沧桑驻眉间,往事埋心田,晃然一梦,屈指已是一大把年纪,想起童年的种种,又好笑、又依恋。也许武术是我与生俱来的爱好吧!自我记事以来就好像特别喜欢刀剑棍棒之类的东西,只是苦于条件所限,什么都不懂,什么都不会。童年对武术的影响除了在一年难得一见的电影上看到的《少林寺》上的哈、哈、哈之外就是小人书上杨七郎打擂的抬脚勾手了。
童年是个五音不全的幸福灿烂的节拍,那一闪而过的旋律中带着滑稽的荒腔走板,童年的咱家是淘气的咱家,爱幻想好模仿,总是不厌其烦的对着杨柳树演着李连杰和杨七郎,父母兄长看在眼里,忍俊不禁的笑在心里。
记得有一年春节,母亲打发哥哥去转远在会宁乔家岔的姨娘。由于路途遥远加上山大沟深沿途有些不见人家的偏僻路径,母亲不放心,要我陪哥哥去,我不想去,母亲就给哥哥偷偷地使眼色,然后哥哥就说他害怕沿途人家的狗咬,叫我给他打狗去。

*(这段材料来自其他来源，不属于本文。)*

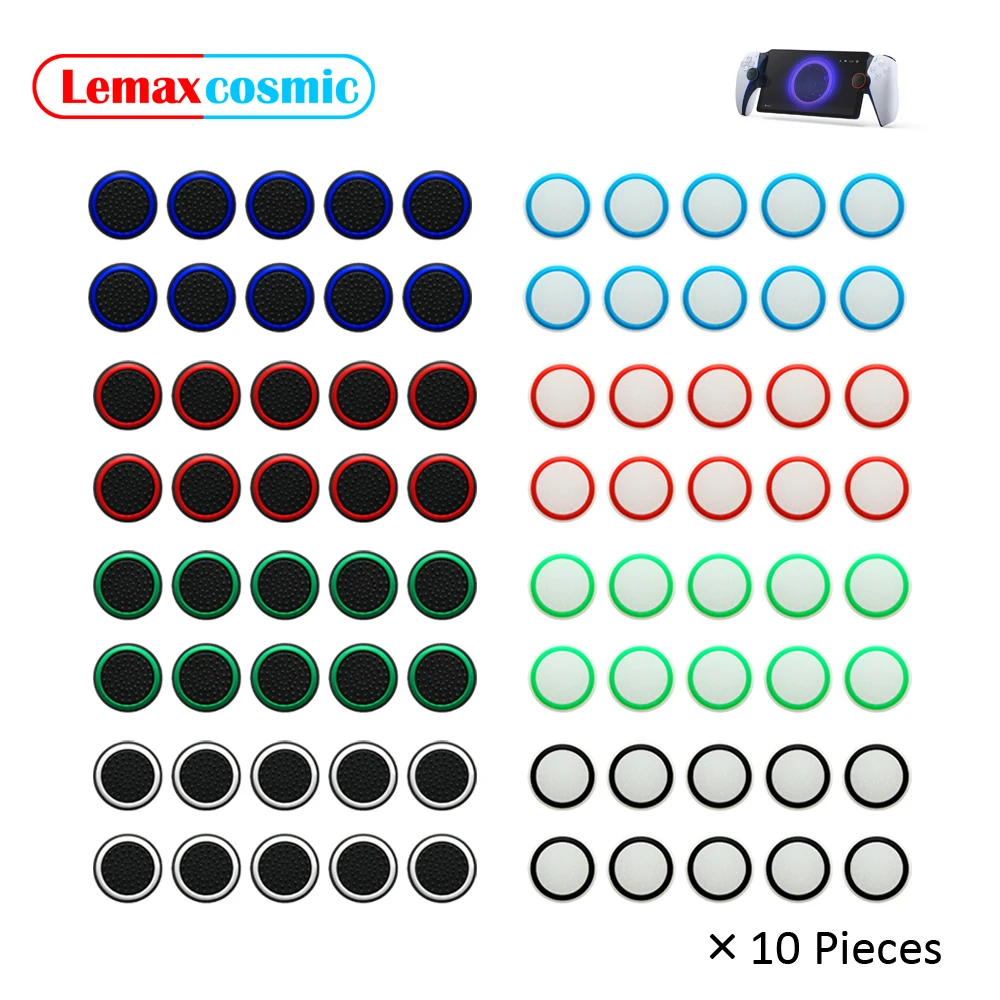 10 PCS Non-slip ThumbSticks Silicone Joystick Caps Thumb Stick Grip Luminous Cap Cover For PlayStation Portal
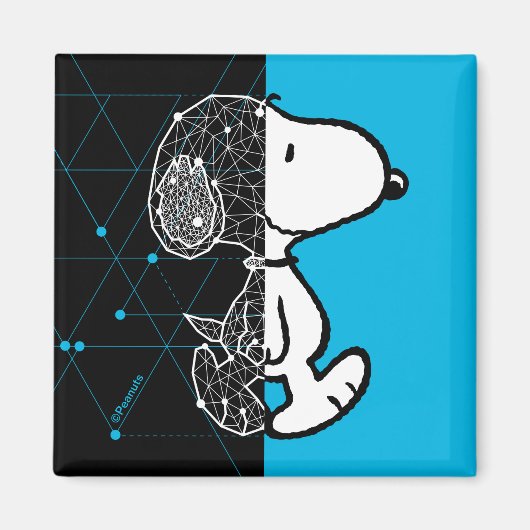 Peanuts | Snoopy geometrisch ontwerp Magneet (Voorkant)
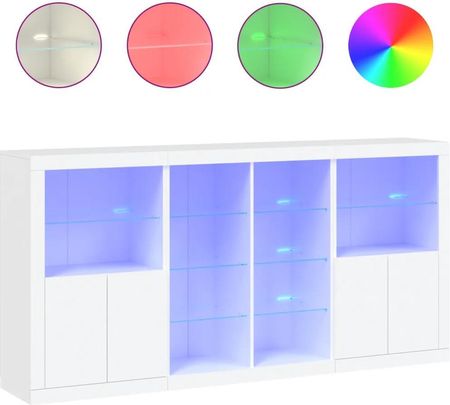 Zakito Europe Komoda Led Biała 202X37X100 Cm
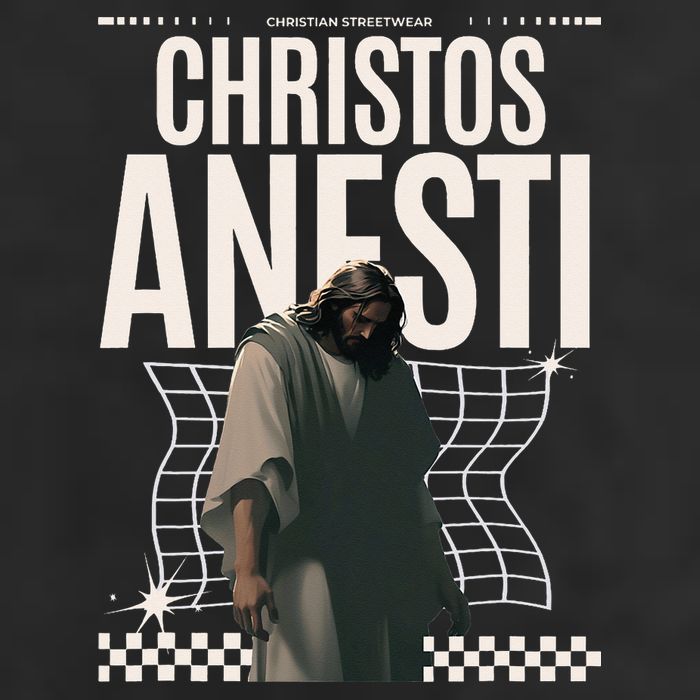 Greek Christian Streetwear Jesus Christ Is Risen Women Beanie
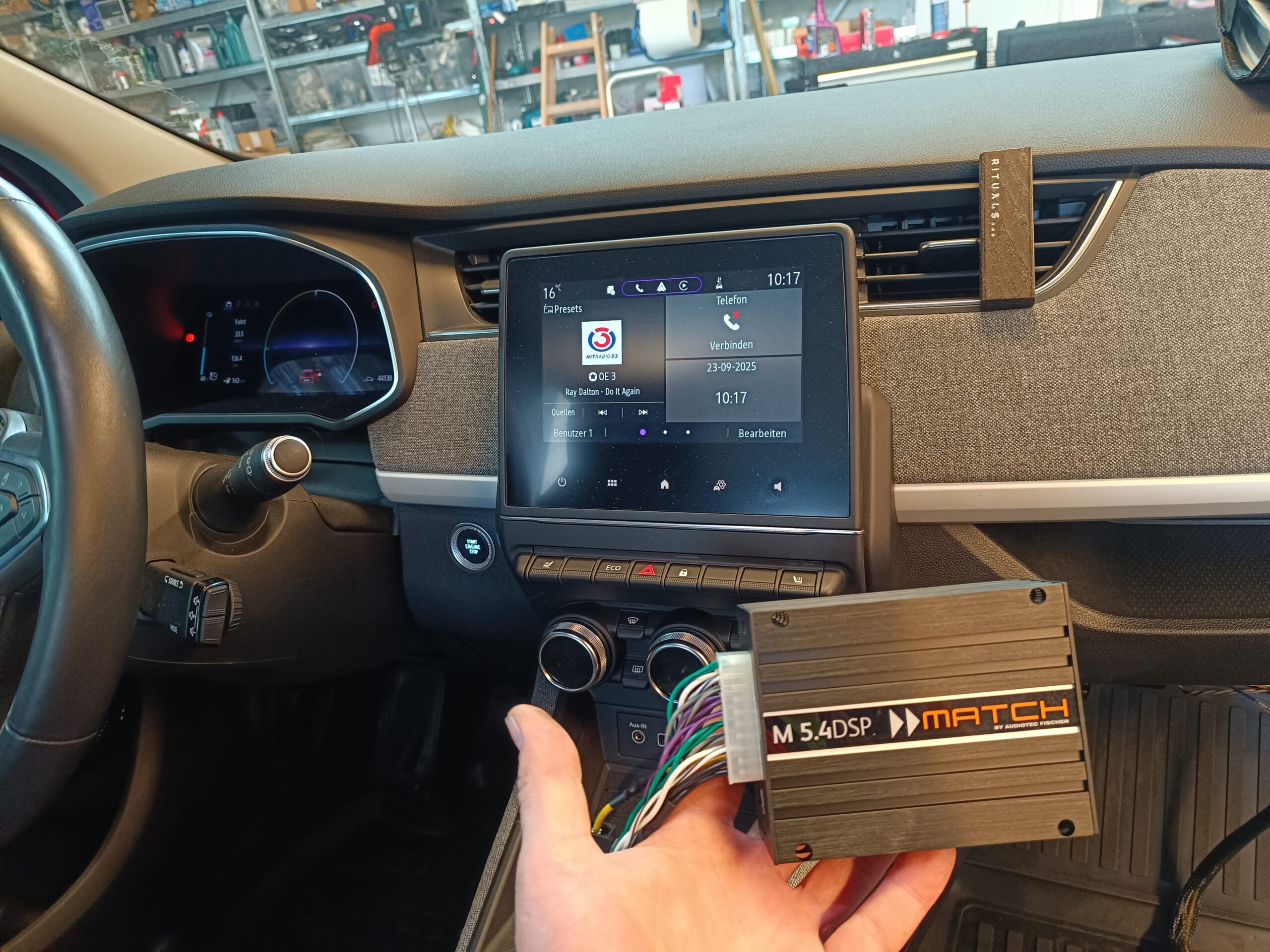 Renault Zoe Soundupgrade Subwoofer DSP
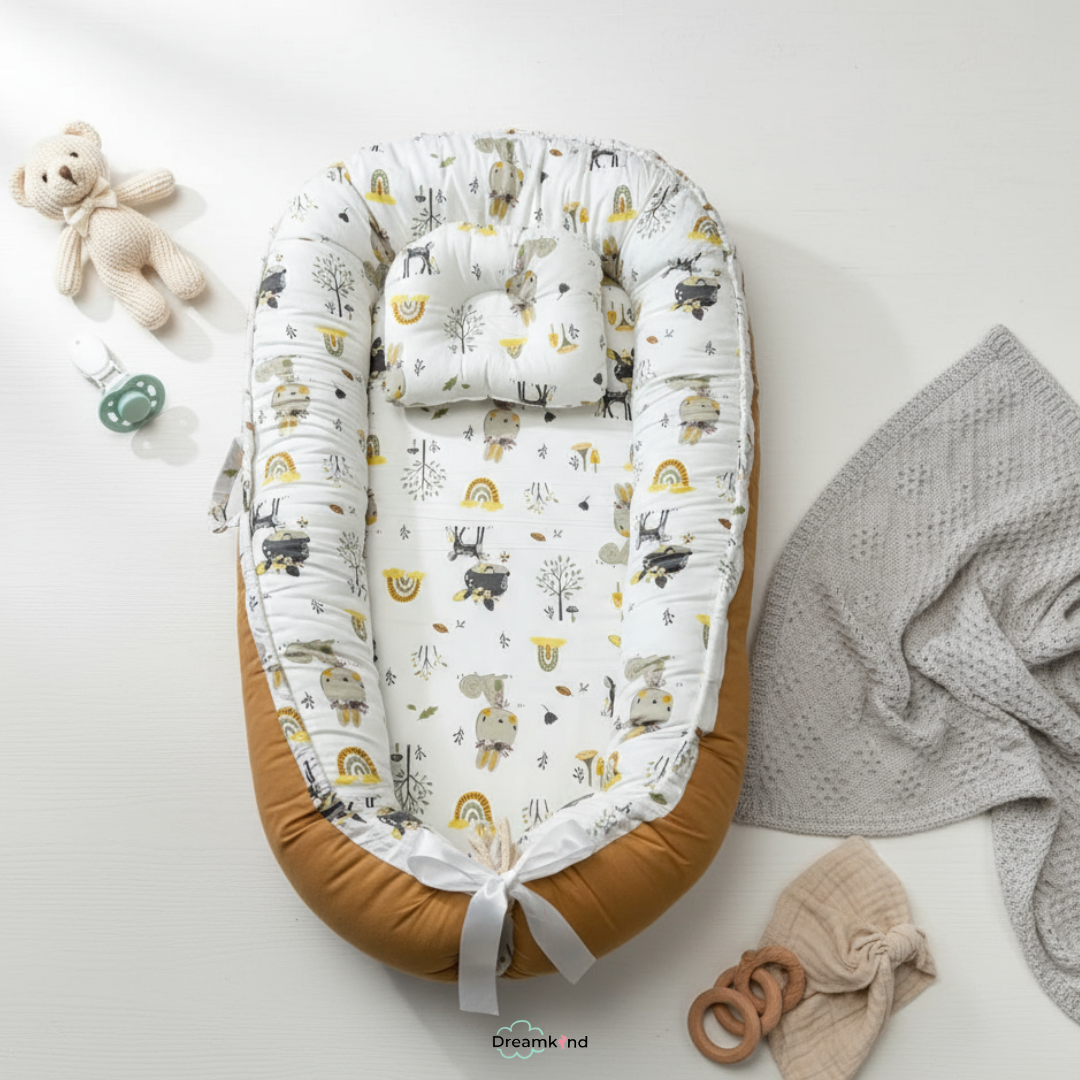 Babynest Mit Anti Kopfverformungskissen Sicherer Babyschlaf Dreamkind babynest-mit-anti-kopfverformungskissen-sicherer-babyschlaf-dreamkind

不知是什么心理在作怪我一听便精神为之一振,欣然答应了,仿佛自己一下子变成了会打猛虎的武二郎,提了梢棒要大踏步的迈向景阳冈。哥哥还没收拾停当,我便催着要走,好像前面就有个大黑狗卧在那里等着我为哥哥去开路,那是何等的荣耀和自豪,心里美的就像追匈奴到楼兰的霍去病,等到哥哥出门时我已扛着棍子远远的出了邹邹湾。
那是个家家养狗的年代,尽管人们生活都十分困难,可家家的狗好像都很肥大凶猛。记得我和哥哥路过麻利山的一个庄子时,刚听到汪的一声狗咬就窜出了一条大黑狗,仿佛景阳冈上的吊睛白额大虫,目不旁骛的就直接朝我俩扑了过来,我早已吓得三魂出窍,双目散光,肩上的棍子不知什么时候被哥哥拿去挡在前面与狗撕杀,而我紧紧地跟在哥哥屁股后面就象学校里玩的老鹰抓小鸡的游戏一样,生怕那狗会绕过哥哥扑向我。
第一回看见那么凶猛的狗,第一回象折了阵的先行官一样暗淡无光,心里暗自庆幸哥哥临危不乱亲自征服了那条恶犬,才知道那跟不动的杨柳树根本就是两回事。
一直暗暗回味着那惊险的一幕,一直没想明白为什么哥哥那么勇敢却要我给他打狗去?
而今想起来常常会不由自主的笑出声来,我幼稚的童年,我一去不复返的童年,我尚武的杨柳树下的童年。